7. The Ld. DR, on the other hand, relied upon the orders of the lower authorities and submitted that the sale deeds were duly executed and registered on 12.04.2013. Therefore, according to the Revenue, transfer stood completed during Financial Year 2013-14 itself. The Ld. DR further contended that subsequent disputes regarding realization of consideration or delayed receipt of payment would not defer the chargeability of capital gains under the Act.
8. We have heard the rival contentions and perused the material available on record.
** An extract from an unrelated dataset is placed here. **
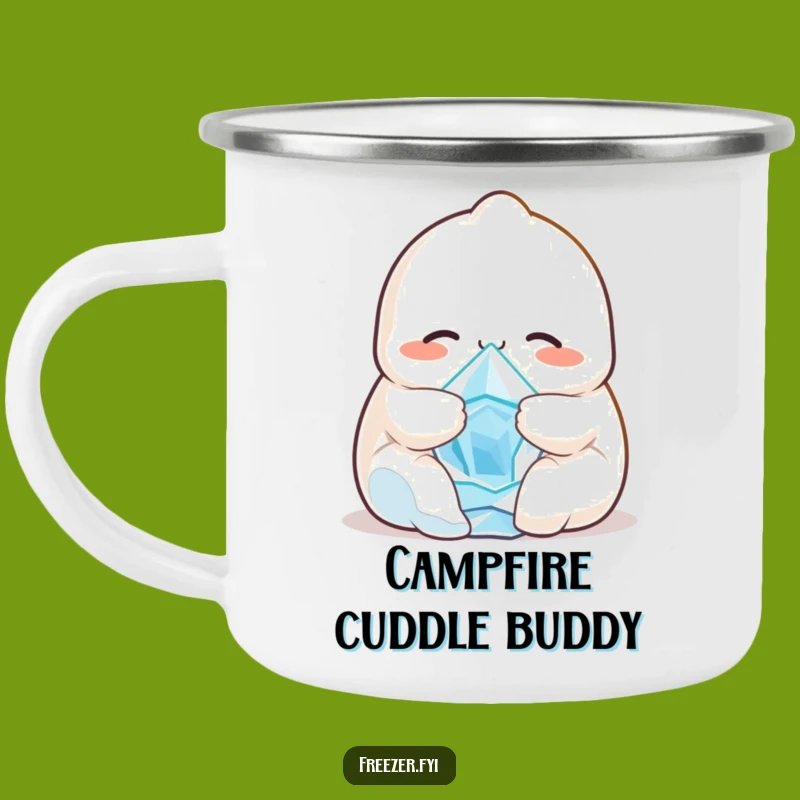 Funny Dumpling Hug Camping Mug: Sip Warmth on Adventures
8.1 The undisputed facts emerging from record are that the sale deeds were executed and registered on 12.04.2013 before the Sub-Registrar in respect of the immovable properties in question. The documents executed between parties clearly transferred ownership rights in favour of purchasers.
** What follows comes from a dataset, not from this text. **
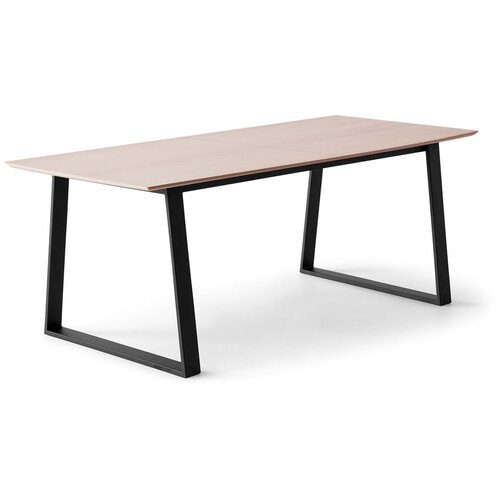 Hammel Furniture Raztegljiva jedilna miza z mizno ploščo v hrastovem dekorju v naravni barvi 100x210 cm Meza – Cene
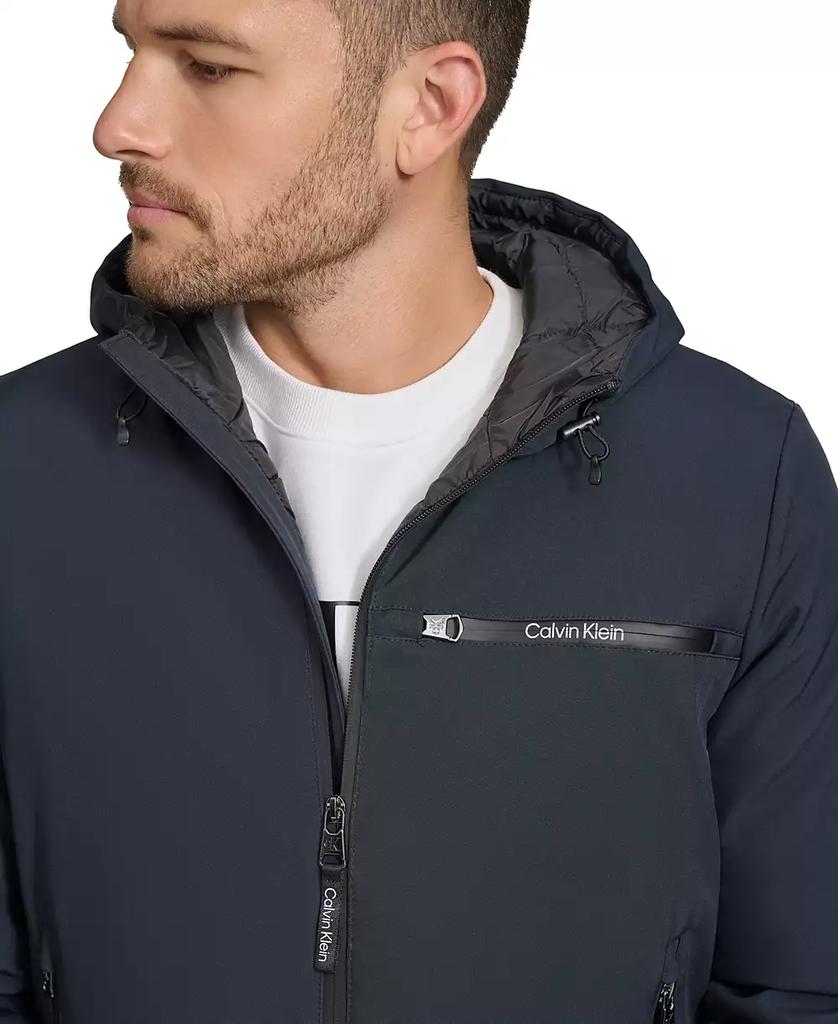 Men's Infinite Stretch Water-Resistant Hooded Jacket - Luna BR wear co.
8.2 The assessee has mainly contended that since full consideration was not received and possession remained with the assessee till F.Y. 2015-16, transfer was completed only in A.Y. 2016-17. However, in our considered view, once a registered sale deed transferring ownership rights has been executed, the transfer gets completed for the purposes of section 45 read with section 2(47) of the Act. Mere non-realization of a part of the sale consideration or subsequent disputes between the parties cannot defer the chargeability of capital gains to tax. Subsequent disputes regarding payment, dishonour of cheques, or delayed realization of consideration do not postpone taxability of capital gains. The arguments of the assessee that possession remained with him till April 2015 and therefore transfer was completed only in A.Y. 2016-17 is against the fact available on registration deed. There was no cancellation of registered sale deed nor no competent authority had annulled the transfer. The legal notice and subsequent correspondence relied upon by the assessee demonstrate delay in payment of balance consideration, however, these documents do not establish cancellation of registered sale deeds. Registration of a sale deed completes transfer for capital gains purposes. Non-receipt of consideration or delayed payment does not defer chargeability unless the transaction itself is cancelled or legally rescinded. Mere retention of possession, or subsequent disputes between parties do not postpone the incidence of capital gains taxation when the registered sale deed continues to remain valid and uncancelled. Accordingly, we find no infirmity in the findings of the Assessing Officer and the Ld. CIT(A) in holding that transfer had taken place during F.Y. 2013-14 relevant to A.Y. 2014-15.
8.3 We have given a thought to the alternative contention of the Ld. AR that if the capital gain has already been offered to tax in A.Y. 2016-17, suitable consequential relief should be granted to avoid double taxation. We agree with the contention of the Ld. AR. The Revenue cannot tax the same income twice. Accordingly, we direct the Assessing Officer to verify whether the impugned capital gain has been offered and assessed in A.Y. 2016-17 and, if so, grant appropriate consequential relief in accordance with law so as to avoid double taxation by considering the taxes paid in the year 2016-17 while computing the total taxes payable on account of STCG for the year 2014-15. Accordingly, grounds nos. 1 to 3 raised by the assessee are dismissed, whereas ground no. 4 is allowed for statistical purposes.
9. In the result, the appeal of the assessee is partly allowed for statistical purposes.